*Instructions for the task:*
Write out the entries below exactly, but only from the line containing "如何评价三国杀武将周妃? - 知乎" through the line containing "32 / 作者:吼烦丶 /", and without the pictures.

*Given entries:*
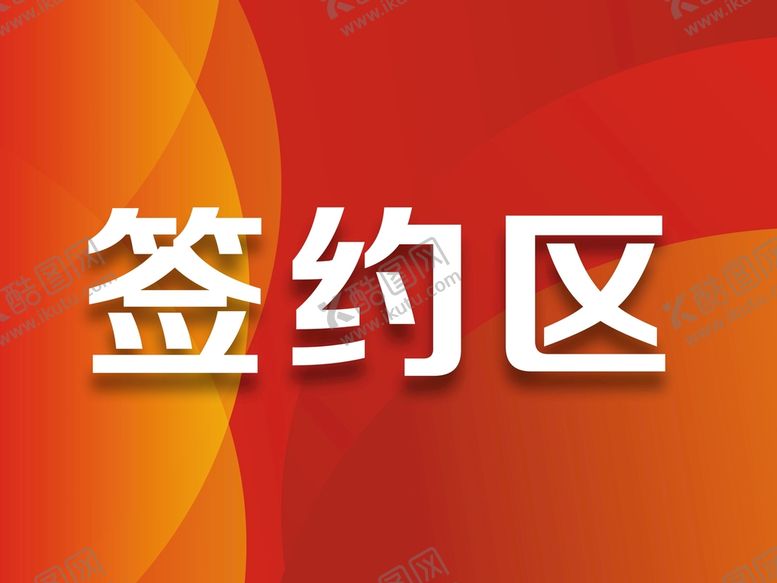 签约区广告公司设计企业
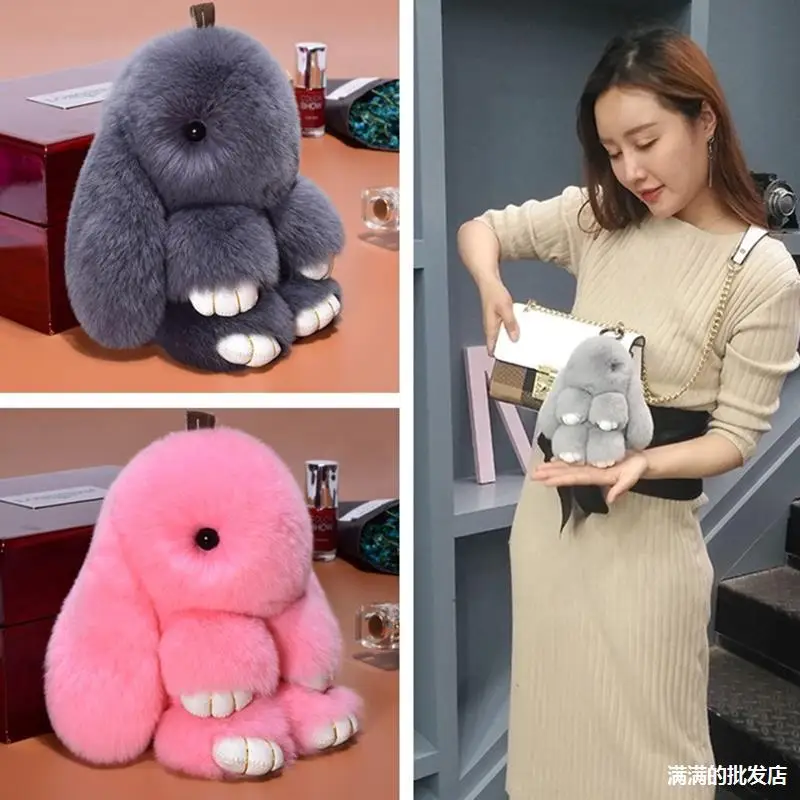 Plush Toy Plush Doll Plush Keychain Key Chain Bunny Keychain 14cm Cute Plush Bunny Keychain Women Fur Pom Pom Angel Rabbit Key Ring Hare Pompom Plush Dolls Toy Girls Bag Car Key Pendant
* * *
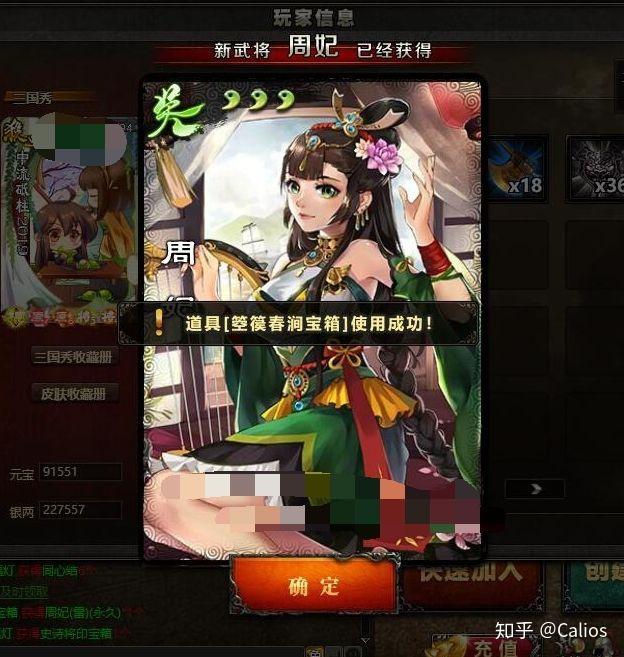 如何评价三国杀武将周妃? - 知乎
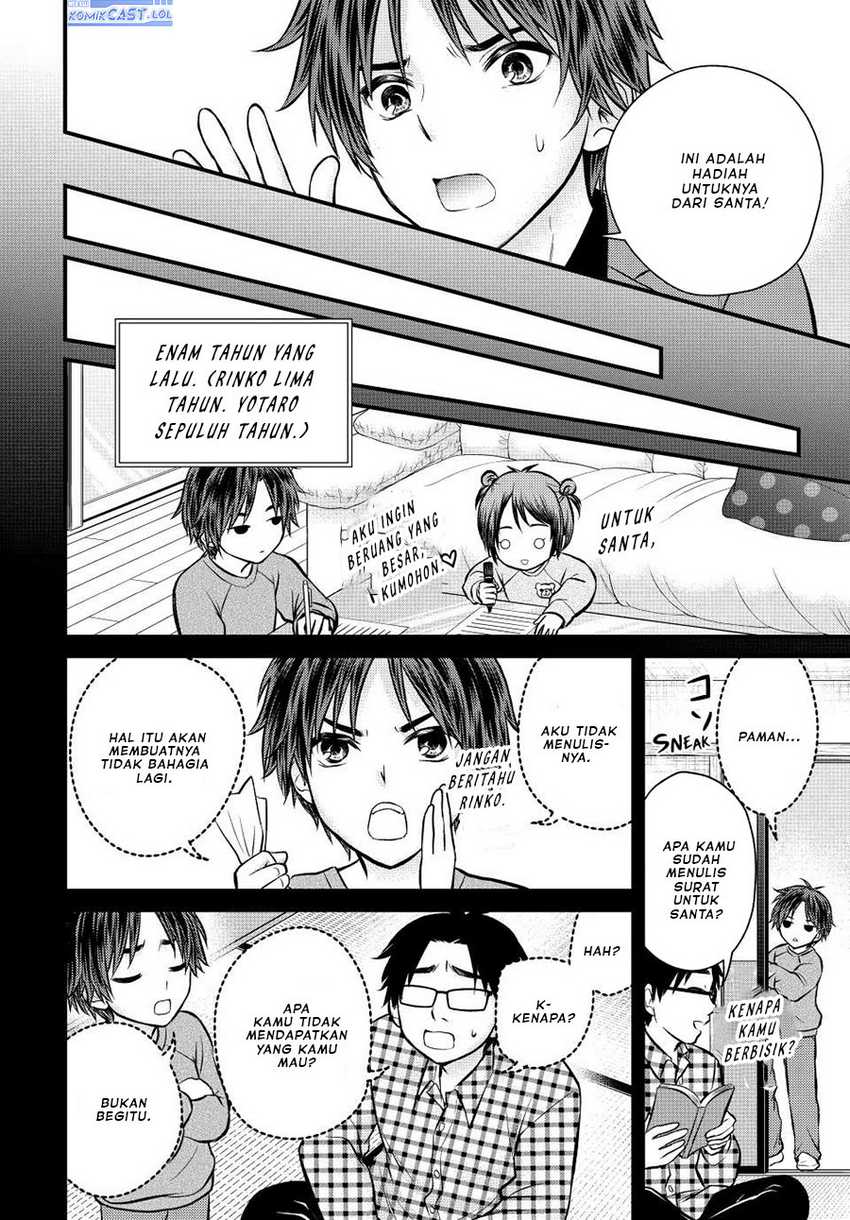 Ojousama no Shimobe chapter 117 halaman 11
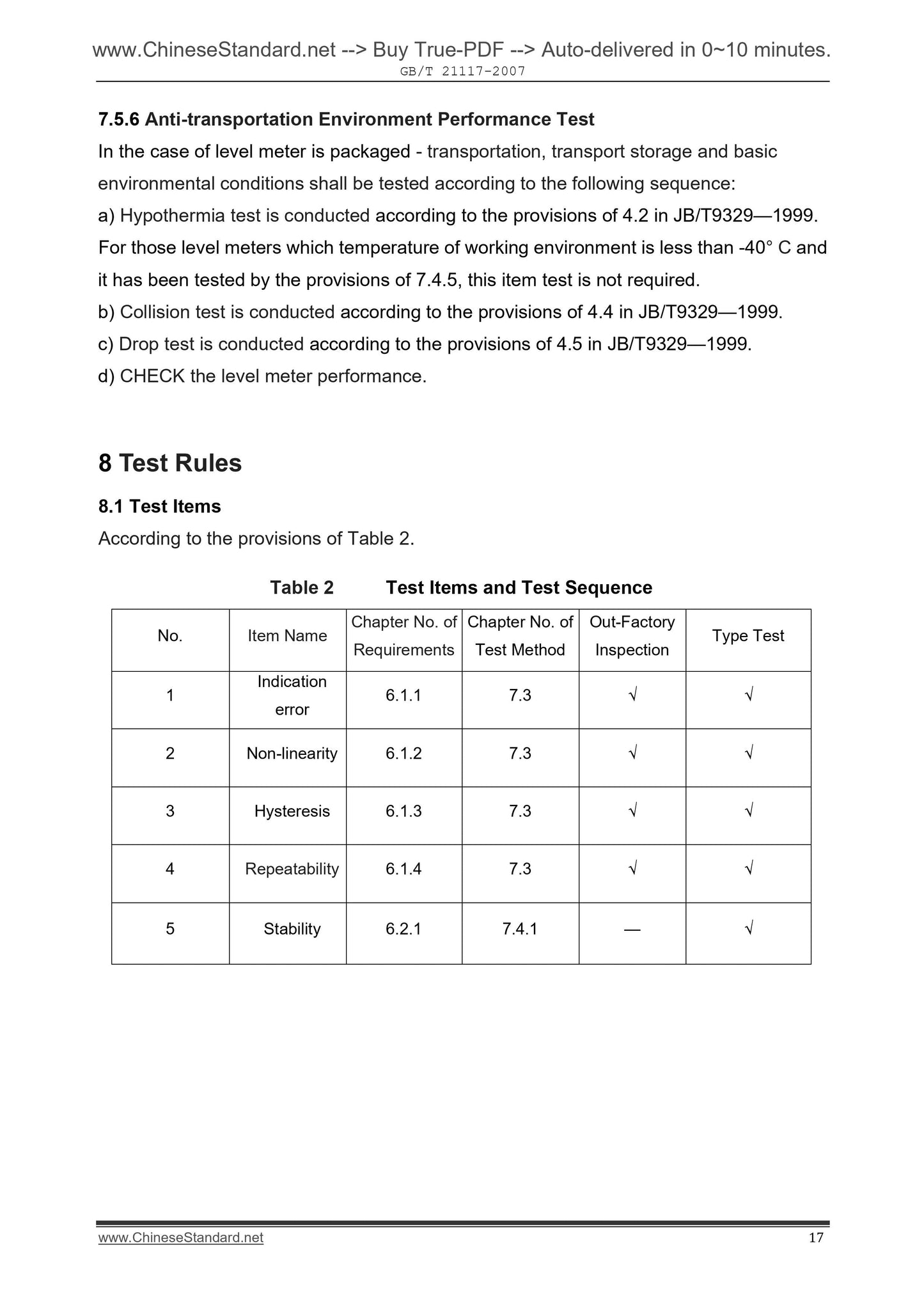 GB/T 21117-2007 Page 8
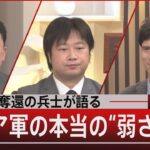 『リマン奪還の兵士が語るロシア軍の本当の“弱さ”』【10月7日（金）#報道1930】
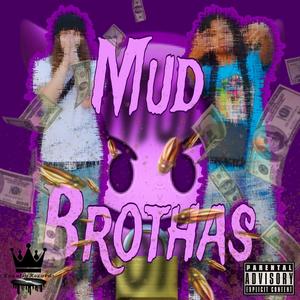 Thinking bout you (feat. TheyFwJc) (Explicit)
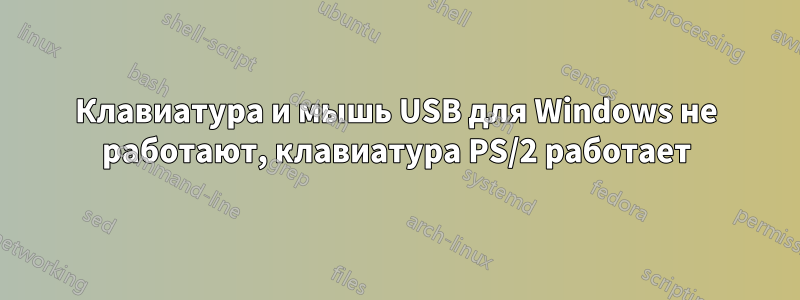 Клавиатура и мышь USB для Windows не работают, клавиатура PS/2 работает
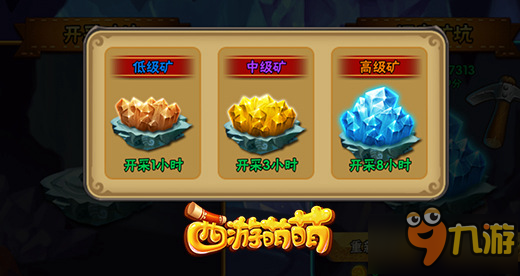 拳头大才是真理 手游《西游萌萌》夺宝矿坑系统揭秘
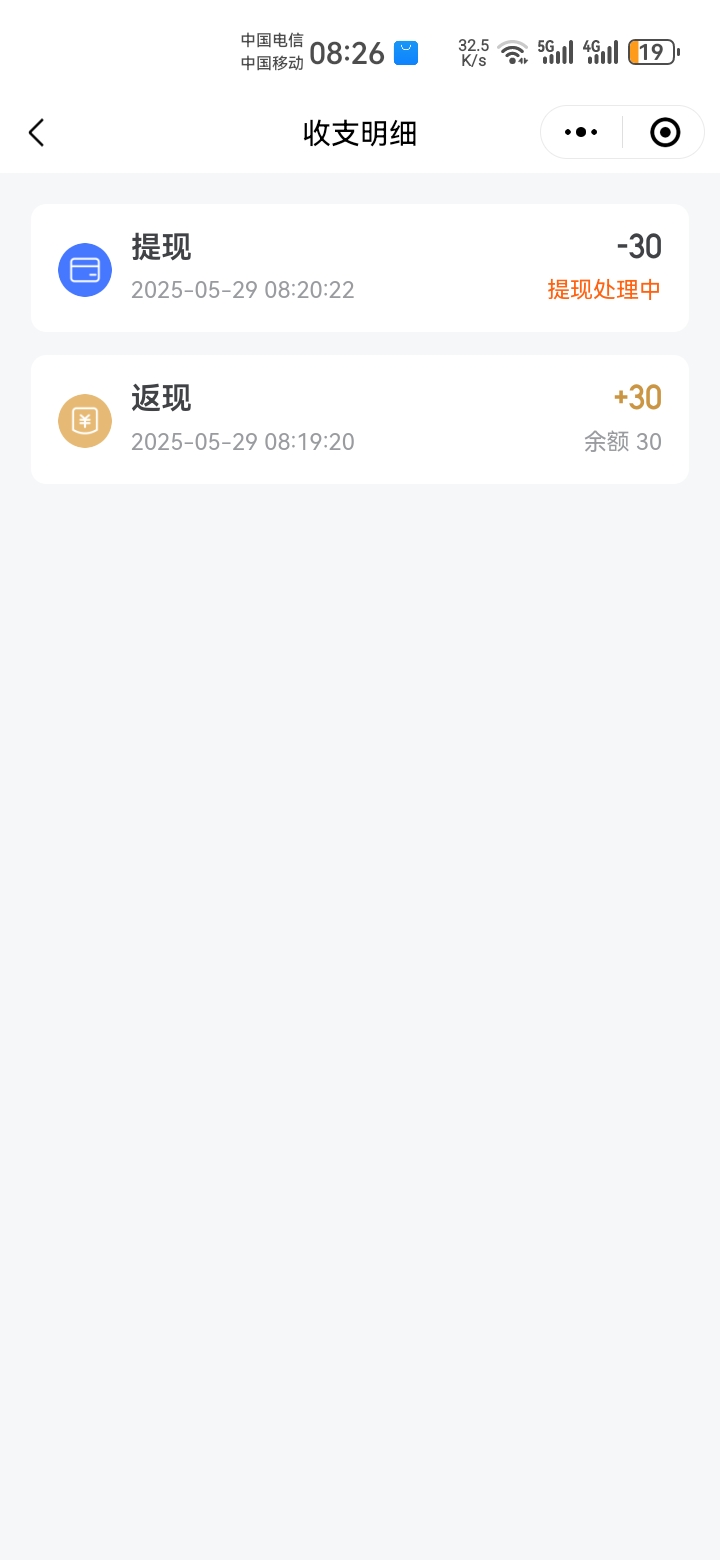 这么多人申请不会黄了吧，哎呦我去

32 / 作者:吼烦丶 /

*Result of the exercise:*
 如何评价三国杀武将周妃? - 知乎
 Ojousama no Shimobe chapter 117 halaman 11
 GB/T 21117-2007 Page 8
 『リマン奪還の兵士が語るロシア軍の本当の“弱さ”』【10月7日（金）#報道1930】
 Thinking bout you (feat. TheyFwJc) (Explicit)
 Клавиатура и мышь USB для Windows не работают, клавиатура PS/2 работает
 拳头大才是真理 手游《西游萌萌》夺宝矿坑系统揭秘
 这么多人申请不会黄了吧，哎呦我去

32 / 作者:吼烦丶 /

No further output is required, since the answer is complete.